## TASK DETAILS:
From the listing below, copy only the lines running from the line that contains "There we have" to the line that contains "Today is day", both included.

## INPUT FOR THIS TASK:
━━━
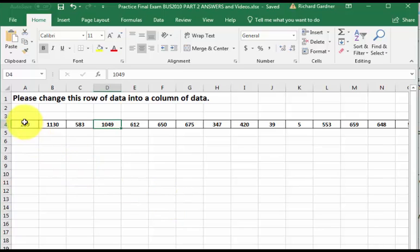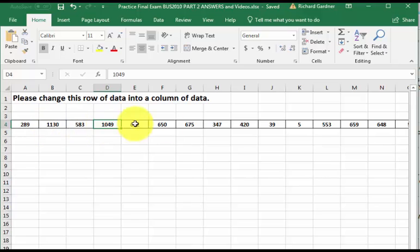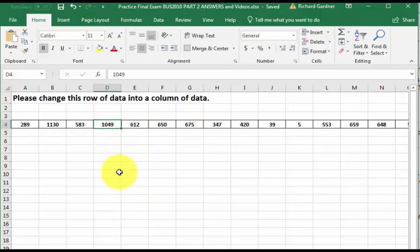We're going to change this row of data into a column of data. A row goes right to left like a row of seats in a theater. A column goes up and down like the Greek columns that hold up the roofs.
━━━
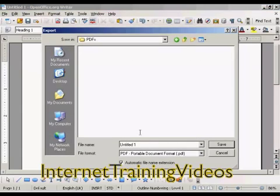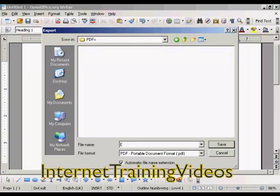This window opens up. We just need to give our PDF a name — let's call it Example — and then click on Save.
━━━
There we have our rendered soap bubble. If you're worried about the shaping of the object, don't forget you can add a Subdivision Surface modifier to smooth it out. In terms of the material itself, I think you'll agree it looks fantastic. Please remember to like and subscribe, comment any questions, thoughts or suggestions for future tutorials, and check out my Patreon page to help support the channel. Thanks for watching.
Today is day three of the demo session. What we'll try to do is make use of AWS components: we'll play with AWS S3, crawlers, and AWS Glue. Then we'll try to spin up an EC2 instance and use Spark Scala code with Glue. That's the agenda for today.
━━━
## TASK ANSWER:
There we have our rendered soap bubble. If you're worried about the shaping of the object, don't forget you can add a Subdivision Surface modifier to smooth it out. In terms of the material itself, I think you'll agree it looks fantastic. Please remember to like and subscribe, comment any questions, thoughts or suggestions for future tutorials, and check out my Patreon page to help support the channel. Thanks for watching.
Today is day three of the demo session. What we'll try to do is make use of AWS components: we'll play with AWS S3, crawlers, and AWS Glue. Then we'll try to spin up an EC2 instance and use Spark Scala code with Glue. That's the agenda for today.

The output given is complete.